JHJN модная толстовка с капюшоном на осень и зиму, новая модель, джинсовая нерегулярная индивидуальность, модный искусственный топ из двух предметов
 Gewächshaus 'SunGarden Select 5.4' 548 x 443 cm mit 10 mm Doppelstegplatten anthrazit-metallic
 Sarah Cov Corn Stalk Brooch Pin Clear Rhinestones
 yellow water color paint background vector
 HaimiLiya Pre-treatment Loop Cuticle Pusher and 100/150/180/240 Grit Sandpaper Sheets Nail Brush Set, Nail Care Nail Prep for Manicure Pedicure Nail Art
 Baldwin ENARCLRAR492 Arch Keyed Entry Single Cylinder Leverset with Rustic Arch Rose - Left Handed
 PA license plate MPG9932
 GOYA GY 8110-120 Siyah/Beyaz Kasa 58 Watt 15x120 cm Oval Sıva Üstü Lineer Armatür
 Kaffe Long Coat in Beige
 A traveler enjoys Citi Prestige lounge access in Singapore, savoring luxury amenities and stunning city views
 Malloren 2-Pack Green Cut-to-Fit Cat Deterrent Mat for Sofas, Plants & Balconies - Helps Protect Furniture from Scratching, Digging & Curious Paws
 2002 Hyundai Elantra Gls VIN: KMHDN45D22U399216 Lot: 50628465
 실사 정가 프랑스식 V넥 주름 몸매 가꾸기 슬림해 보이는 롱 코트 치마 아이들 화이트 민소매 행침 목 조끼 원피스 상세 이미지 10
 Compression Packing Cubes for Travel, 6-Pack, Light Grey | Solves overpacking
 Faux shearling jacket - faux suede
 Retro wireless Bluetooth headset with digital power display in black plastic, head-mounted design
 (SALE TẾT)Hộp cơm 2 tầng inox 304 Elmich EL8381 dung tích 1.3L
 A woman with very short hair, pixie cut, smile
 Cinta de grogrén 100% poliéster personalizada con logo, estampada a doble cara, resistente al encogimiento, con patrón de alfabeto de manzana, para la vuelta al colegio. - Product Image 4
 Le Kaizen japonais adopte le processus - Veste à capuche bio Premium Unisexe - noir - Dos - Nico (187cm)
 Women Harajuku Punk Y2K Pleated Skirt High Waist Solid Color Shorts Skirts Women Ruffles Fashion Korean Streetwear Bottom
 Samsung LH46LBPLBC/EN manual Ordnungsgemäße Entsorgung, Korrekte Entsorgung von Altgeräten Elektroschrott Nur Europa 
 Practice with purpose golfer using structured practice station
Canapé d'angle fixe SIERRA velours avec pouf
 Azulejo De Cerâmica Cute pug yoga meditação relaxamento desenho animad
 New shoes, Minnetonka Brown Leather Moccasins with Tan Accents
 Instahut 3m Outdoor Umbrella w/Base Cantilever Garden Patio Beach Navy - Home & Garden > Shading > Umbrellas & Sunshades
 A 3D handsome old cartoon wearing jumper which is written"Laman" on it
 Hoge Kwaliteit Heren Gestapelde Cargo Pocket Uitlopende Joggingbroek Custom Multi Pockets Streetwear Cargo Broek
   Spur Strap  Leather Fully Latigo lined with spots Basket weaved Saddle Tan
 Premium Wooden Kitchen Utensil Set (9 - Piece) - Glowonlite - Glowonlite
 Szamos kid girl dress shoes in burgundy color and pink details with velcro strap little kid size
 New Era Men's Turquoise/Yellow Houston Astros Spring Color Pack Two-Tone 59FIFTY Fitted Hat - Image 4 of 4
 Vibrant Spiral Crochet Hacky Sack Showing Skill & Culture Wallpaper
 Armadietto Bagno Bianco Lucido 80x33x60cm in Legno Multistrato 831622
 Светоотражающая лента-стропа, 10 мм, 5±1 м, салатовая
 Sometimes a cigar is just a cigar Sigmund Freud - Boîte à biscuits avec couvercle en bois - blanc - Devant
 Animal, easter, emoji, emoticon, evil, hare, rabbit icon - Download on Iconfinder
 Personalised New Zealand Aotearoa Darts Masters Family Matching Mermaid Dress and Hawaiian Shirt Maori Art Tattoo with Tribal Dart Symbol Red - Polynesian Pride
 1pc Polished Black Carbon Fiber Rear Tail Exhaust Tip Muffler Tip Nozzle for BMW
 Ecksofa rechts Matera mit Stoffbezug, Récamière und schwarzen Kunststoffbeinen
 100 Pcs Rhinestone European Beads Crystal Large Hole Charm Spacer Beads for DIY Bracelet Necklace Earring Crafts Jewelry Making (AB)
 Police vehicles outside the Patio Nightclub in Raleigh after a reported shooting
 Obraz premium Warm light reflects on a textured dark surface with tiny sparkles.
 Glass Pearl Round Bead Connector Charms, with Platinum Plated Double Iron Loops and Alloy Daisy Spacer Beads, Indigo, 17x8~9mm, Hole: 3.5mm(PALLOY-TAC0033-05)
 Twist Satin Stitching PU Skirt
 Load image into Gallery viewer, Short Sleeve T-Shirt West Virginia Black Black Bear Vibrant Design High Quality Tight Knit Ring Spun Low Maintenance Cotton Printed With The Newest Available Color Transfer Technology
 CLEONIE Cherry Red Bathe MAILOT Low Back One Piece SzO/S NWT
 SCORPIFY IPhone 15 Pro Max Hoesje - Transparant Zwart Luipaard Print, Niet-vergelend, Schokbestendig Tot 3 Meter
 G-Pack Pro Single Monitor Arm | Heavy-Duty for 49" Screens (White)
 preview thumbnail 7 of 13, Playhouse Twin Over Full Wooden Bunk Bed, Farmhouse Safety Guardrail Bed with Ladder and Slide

**Work instructions:** This exercise requires all the entries to be written out again exactly.

**Exercise answer:**
JHJN модная толстовка с капюшоном на осень и зиму, новая модель, джинсовая нерегулярная индивидуальность, модный искусственный топ из двух предметов
 Gewächshaus 'SunGarden Select 5.4' 548 x 443 cm mit 10 mm Doppelstegplatten anthrazit-metallic
 Sarah Cov Corn Stalk Brooch Pin Clear Rhinestones
 yellow water color paint background vector
 HaimiLiya Pre-treatment Loop Cuticle Pusher and 100/150/180/240 Grit Sandpaper Sheets Nail Brush Set, Nail Care Nail Prep for Manicure Pedicure Nail Art
 Baldwin ENARCLRAR492 Arch Keyed Entry Single Cylinder Leverset with Rustic Arch Rose - Left Handed
 PA license plate MPG9932
 GOYA GY 8110-120 Siyah/Beyaz Kasa 58 Watt 15x120 cm Oval Sıva Üstü Lineer Armatür
 Kaffe Long Coat in Beige
 A traveler enjoys Citi Prestige lounge access in Singapore, savoring luxury amenities and stunning city views
 Malloren 2-Pack Green Cut-to-Fit Cat Deterrent Mat for Sofas, Plants & Balconies - Helps Protect Furniture from Scratching, Digging & Curious Paws
 2002 Hyundai Elantra Gls VIN: KMHDN45D22U399216 Lot: 50628465
 실사 정가 프랑스식 V넥 주름 몸매 가꾸기 슬림해 보이는 롱 코트 치마 아이들 화이트 민소매 행침 목 조끼 원피스 상세 이미지 10
 Compression Packing Cubes for Travel, 6-Pack, Light Grey | Solves overpacking
 Faux shearling jacket - faux suede
 Retro wireless Bluetooth headset with digital power display in black plastic, head-mounted design
 (SALE TẾT)Hộp cơm 2 tầng inox 304 Elmich EL8381 dung tích 1.3L
 A woman with very short hair, pixie cut, smile
 Cinta de grogrén 100% poliéster personalizada con logo, estampada a doble cara, resistente al encogimiento, con patrón de alfabeto de manzana, para la vuelta al colegio. - Product Image 4
 Le Kaizen japonais adopte le processus - Veste à capuche bio Premium Unisexe - noir - Dos - Nico (187cm)
 Women Harajuku Punk Y2K Pleated Skirt High Waist Solid Color Shorts Skirts Women Ruffles Fashion Korean Streetwear Bottom
 Samsung LH46LBPLBC/EN manual Ordnungsgemäße Entsorgung, Korrekte Entsorgung von Altgeräten Elektroschrott Nur Europa 
 Practice with purpose golfer using structured practice station
Canapé d'angle fixe SIERRA velours avec pouf
 Azulejo De Cerâmica Cute pug yoga meditação relaxamento desenho animad
 New shoes, Minnetonka Brown Leather Moccasins with Tan Accents
 Instahut 3m Outdoor Umbrella w/Base Cantilever Garden Patio Beach Navy - Home & Garden > Shading > Umbrellas & Sunshades
 A 3D handsome old cartoon wearing jumper which is written"Laman" on it
 Hoge Kwaliteit Heren Gestapelde Cargo Pocket Uitlopende Joggingbroek Custom Multi Pockets Streetwear Cargo Broek
   Spur Strap  Leather Fully Latigo lined with spots Basket weaved Saddle Tan
 Premium Wooden Kitchen Utensil Set (9 - Piece) - Glowonlite - Glowonlite
 Szamos kid girl dress shoes in burgundy color and pink details with velcro strap little kid size
 New Era Men's Turquoise/Yellow Houston Astros Spring Color Pack Two-Tone 59FIFTY Fitted Hat - Image 4 of 4
 Vibrant Spiral Crochet Hacky Sack Showing Skill & Culture Wallpaper
 Armadietto Bagno Bianco Lucido 80x33x60cm in Legno Multistrato 831622
 Светоотражающая лента-стропа, 10 мм, 5±1 м, салатовая
 Sometimes a cigar is just a cigar Sigmund Freud - Boîte à biscuits avec couvercle en bois - blanc - Devant
 Animal, easter, emoji, emoticon, evil, hare, rabbit icon - Download on Iconfinder
 Personalised New Zealand Aotearoa Darts Masters Family Matching Mermaid Dress and Hawaiian Shirt Maori Art Tattoo with Tribal Dart Symbol Red - Polynesian Pride
 1pc Polished Black Carbon Fiber Rear Tail Exhaust Tip Muffler Tip Nozzle for BMW
 Ecksofa rechts Matera mit Stoffbezug, Récamière und schwarzen Kunststoffbeinen
 100 Pcs Rhinestone European Beads Crystal Large Hole Charm Spacer Beads for DIY Bracelet Necklace Earring Crafts Jewelry Making (AB)
 Police vehicles outside the Patio Nightclub in Raleigh after a reported shooting
 Obraz premium Warm light reflects on a textured dark surface with tiny sparkles.
 Glass Pearl Round Bead Connector Charms, with Platinum Plated Double Iron Loops and Alloy Daisy Spacer Beads, Indigo, 17x8~9mm, Hole: 3.5mm(PALLOY-TAC0033-05)
 Twist Satin Stitching PU Skirt
 Load image into Gallery viewer, Short Sleeve T-Shirt West Virginia Black Black Bear Vibrant Design High Quality Tight Knit Ring Spun Low Maintenance Cotton Printed With The Newest Available Color Transfer Technology
 CLEONIE Cherry Red Bathe MAILOT Low Back One Piece SzO/S NWT
 SCORPIFY IPhone 15 Pro Max Hoesje - Transparant Zwart Luipaard Print, Niet-vergelend, Schokbestendig Tot 3 Meter
 G-Pack Pro Single Monitor Arm | Heavy-Duty for 49" Screens (White)
 preview thumbnail 7 of 13, Playhouse Twin Over Full Wooden Bunk Bed, Farmhouse Safety Guardrail Bed with Ladder and Slide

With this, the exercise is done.